Since then, the Vehicle Certification Agency, responsible for approving new vehicles, has considered that electric micro-scooters are also covered by the ruling, since they are no less mechanically propelled vehicles intended or adapted for use on roads. This was more recently confirmed in a subsequent High Court case (Letitia Water v DPP, July 2002) involving a City Bug electric model.
They are therefore deemed to be mopeds in the eyes of the law, since mopeds are the lowest powered two-wheel vehicles. However, this means they must meet the standards required for a moped to be used on the road. This will include the requirements for mirrors and lights, under the Road Vehicles (Construction and Use) Regulations 1986 and the Road Vehicles Lighting Regulations 1989. It is therefore illegal to ride a typical fun electric micro-scooter on the road.
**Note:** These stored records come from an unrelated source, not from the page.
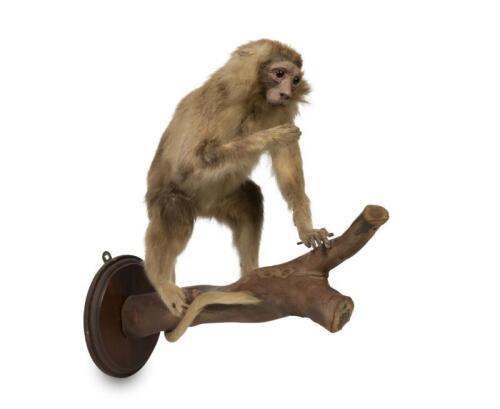 A fully mounted life size primate naturalistically seated on a branch [Ex-Bonhams 2010, Sale 19041, Lot 776]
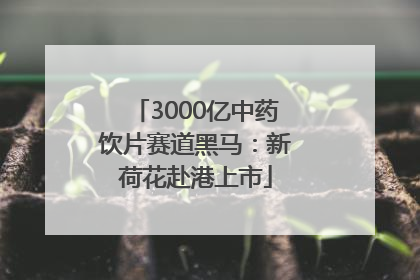 3000亿中药饮片赛道黑马：新荷花赴港上市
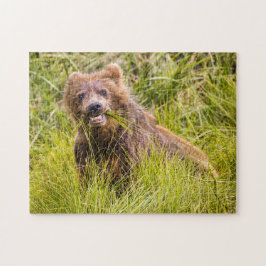 Grizzly cuzing, Alaska Puzzle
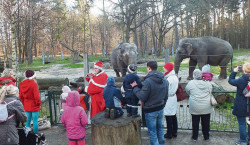 Nikolaus im Cottbuser Tierpark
It is also illegal to use them on cycle paths and pavements, where mopeds are not permitted. This leads to the ridiculous situation that the only legal place to ride an electric scooter is on private property.
However, any vehicle approved under European Community Whole Type Approval can be legally used on the roads. To date only two models, the Charly MZ and the Heinzmann Electric Surfer, have obtained EC approval, and they can, therefore, be legally registered as mopeds, and used on the roads in the UK.
In fact, trendy urban types and youngsters alike are committing a whole raft of offences when you see them ‘scooting’ in the street. All the requirements for riding a moped must be met, including a licence, registration, insurance, a tax disc, and even an MOT after three years. A crash helmet must also be worn. Chris Eubank discovered this to his cost, when he was charged for scootering round Brighton without a helmet. He received a conditional discharge and had to pay £35 in costs.
Toy manufacturers have advertised the scooters as legal provided they are only ridden by children over 14, relying on electric bike legislation, but it is clear that the Department for Transport sees things differently.
Provisions in the Transport Act 1981 state that an electric bicycle avoids being classed as a motorcycle if it weighs less than 40kg, is fitted with pedals, has a maximum power output of 200 watts and cannot be propelled at more than 15 miles per hour. But in the City Bug case, the judge ruled that the scooter was not, fitted with pedals by means of which it is capable of being propelled, and therefore the Electrically Assisted Pedal Cycle Regulations 1983 would not apply.
This is clearly a grey area in the law, with many micro-scooter riders not unreasonably feeling that they are being arbitrarily restricted from engaging in harmless fun, or from adopting an environmentally-friendly transport solution. The DETR has confirmed that there are no proposals to create a new category for scooters, or to adapt the electric cycle category to include them.
A further complication is that, despite defining micro-scooters as motor vehicles, the judges have so far refrained from actually categorising them, on the basis that this fell to the DETR. This has made it impossible to obtain insurance since insurance companies are understandably reluctant to provide cover for vehicles which cannot comply to requirements.
As far as enforcement goes, this is obviously a matter for police forces to consider in the light of local circumstances, but warnings have been issued in a number of regions. While we often hear that ignorance of the law is no defence, it may be that in some cases ignorance really is bliss, since the police attitude has, by and large, been merely to warn riders genuinely unaware that their scooters are classified as mopeds.
But be warned! Driving without insurance is a Level Five offence, and riders potentially face a £1,000 fine and 6-8 points on their licence, if they have one. New legislation means that youngsters who have not yet qualified for a full driving licence will have these penalty points added to any future licence. And yes, police have confirmed that children will lose their licence when theyre old enough to hold one.
And thats not all, people have been picked up for driving whilst disqualified and even drink driving, so riding one of the petrol-powered machines home from the pub could cost you your licence! The situation with electric scooters is more confused. According to The Royal Society for the Prevention of Accidents, at least one rider has been let off with a caution by the police, who concluded that the vehicle was covered by the same archaic catch-all law that applies to cyclists: people who were very unsteady on pedal cycles, vehicles propelled by foot and steam-propelled vehicles. The DETR is unable to conclude definitely, since the issue has not yet been tested in the courts, but the view is that since the scooters can be classed as mopeds, it would be inconsistent if the same drink/drive legislation did not apply. So on top of everything else, make sure you stay off the liqueur chocolates before considering a scoot.